It’s another one of those days when nothing gets done and no one naps. When Mom is fed up to her ears in noise, toys and squished blueberries.
The kids are worn out from long summer evenings. My toddler has a snotty nose and she is crabbier than any two year old has a right to be. The baby is an angel and naps like a dream. But yet nothing seems to get done.
I feel I run circles wiping up messes, putting toys back, trying to harvest our bounty from the garden, keep meals on the table and keep my head afloat. It is no wonder I caught a cold.
I find myself at times stepping aside and looking at my life through the eyes of another me. One who can see things from the side and in perspective rather than in the frenzy of the moment.
I desire peace. I desire greater love. I desire to be an ideal Mommy and a great wife.
Yet I run around grouchy, feelings of guilt crowding out my joy at all the unfinished and half accomplished tasks of my daily life.

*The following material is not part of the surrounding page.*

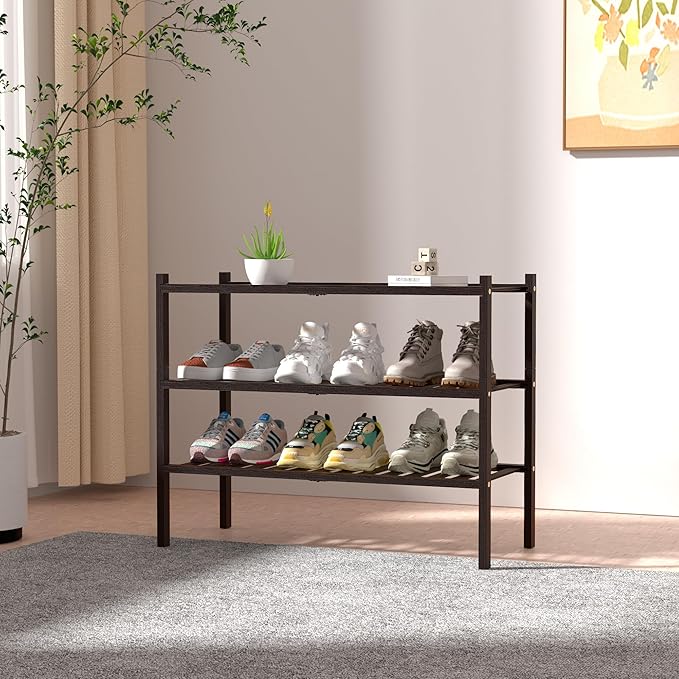 ROMGUAR CRAFT 3 Tier Bamboo Shoe Rack - Image 2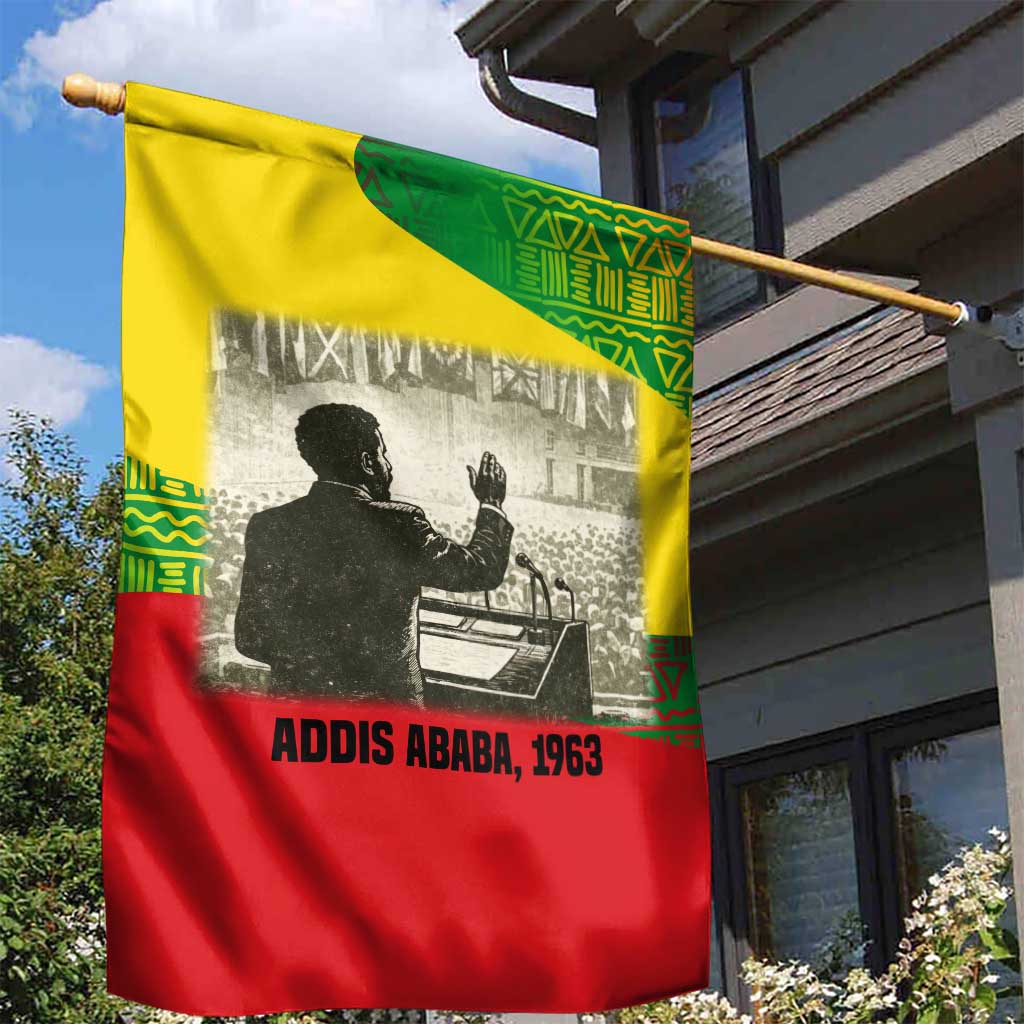 Ethiopia Haile Selassie I Garden Flag with Addis Ababa 1963 Speech Quote Pan-African Flag Colors and Kente Pattern - African Pride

It is quiet moments when I look at my life that I realize that what I am doing NOW is the life I am to live. My purpose and joy needs to come from doing a job well done in the little tasks I do every day.
The ME screams out that I am getting nothing done, that I must pursue MY business and write MY stories. That I must have time for ME and MY hobbies and MY desires.
But these little persons in my care are in fact very needy folks. They are the ones I must give MYSELF to now. If I have everything in this life and yet my little people were to go down the wrong path in life I would always regret not having given more of me.
It is I who can influence them now and lay the foundations for a solid future. It is my husband and I who must teach them values and discipline and strength of character. It is I who must teach them when to lend a kind hand and when to be firm.
Only when I set aside the selfish ME am I able to be the person I was intended to be just now. The invisible Mommy.